Gen Z Americans – who were born between 1997 and 2012 – will be the last generation with a white majority and will give way to a post-2012 “majority minority” generation Alpha, according to a new study of updated US census data.
That change – when non-Hispanic white people will fall below half as a share of the overall US population – should come around 2045, the study predicts.
Projections of the nation’s demographic makeup, including age structure and race-ethnic composition, also show that the fastest population growth is occurring among the older population while the youth population declines.
“This [aging] is not race neutral,” the author of the new Brookings Institute study, William Frey, said. “White Americans contributed substantially to older population gains compared to younger and middle-aged populations, which registered white declines.”

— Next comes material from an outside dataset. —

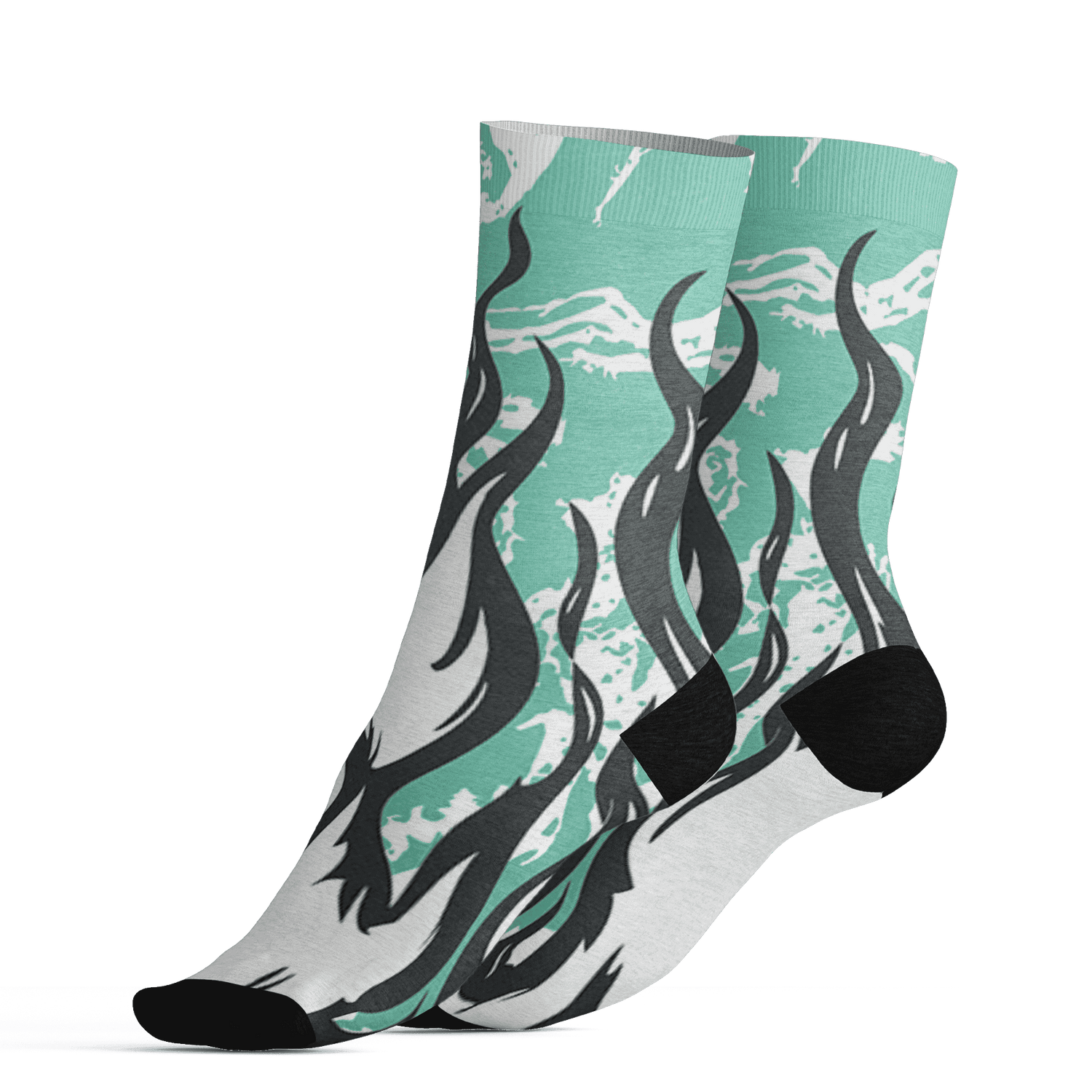 High OG Green Glow 1s Socks Match BER Burn Fear 3D All-Over Print - NastyJamz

Changes would be better reflected if the next US census – in 2030 – dropped certain categories and adopted others.
Instead of identifying Hispanic, for instance, respondents could check any of several “origin” categories and write in any number of specific racial or ethnic identities.
What the New Data Says
The new data reveals a racial generation gap characterized by an increasingly diverse younger population compared to older generations. By 2045, the report says, non-Hispanic White Americans will number less than half of the U.S. population.
A 2019 study by Brookings previously showed that less than half of children in America younger than 15 are White. This means Gen Alpha, people born since 2012, will likely be the first “majority minority” generation.
America is aging quickly as Baby Boomers, those born between 1946 and 1964, become seniors. White Americans constituted a significant portion of that generation, particularly in the 65 to 74 age group.
At the same time, the census data indicates that the White American population declined between 2010 and 2020 in age groups below 55. Demographers attributed the White population’s decrease in younger generations to increased births and immigration among people of color, but more significantly, to Baby Boomers entering the senior age ranks.
But the nation’s growing racial and ethnic diversity among younger Americans is more complicated.
Richard Alba, distinguished professor emeritus in sociology at the City University of New York, told The Hill that the national census system is stuck in the past when it comes to how to think about race and ethnicity in America.
Prior to the 21st century, demographers created rigid racial and ethnic classes – either Black or White, for example – in which everyone fit neatly into a category.
However, multiracial Americans are the fastest-growing racial category. “In a sense, we’re forming a new kind of mainstream society here, which is going to be very diverse,” Alba said. “But Whites are going to be a big part of that. It’s not like they’re going to disappear and be supplanted.”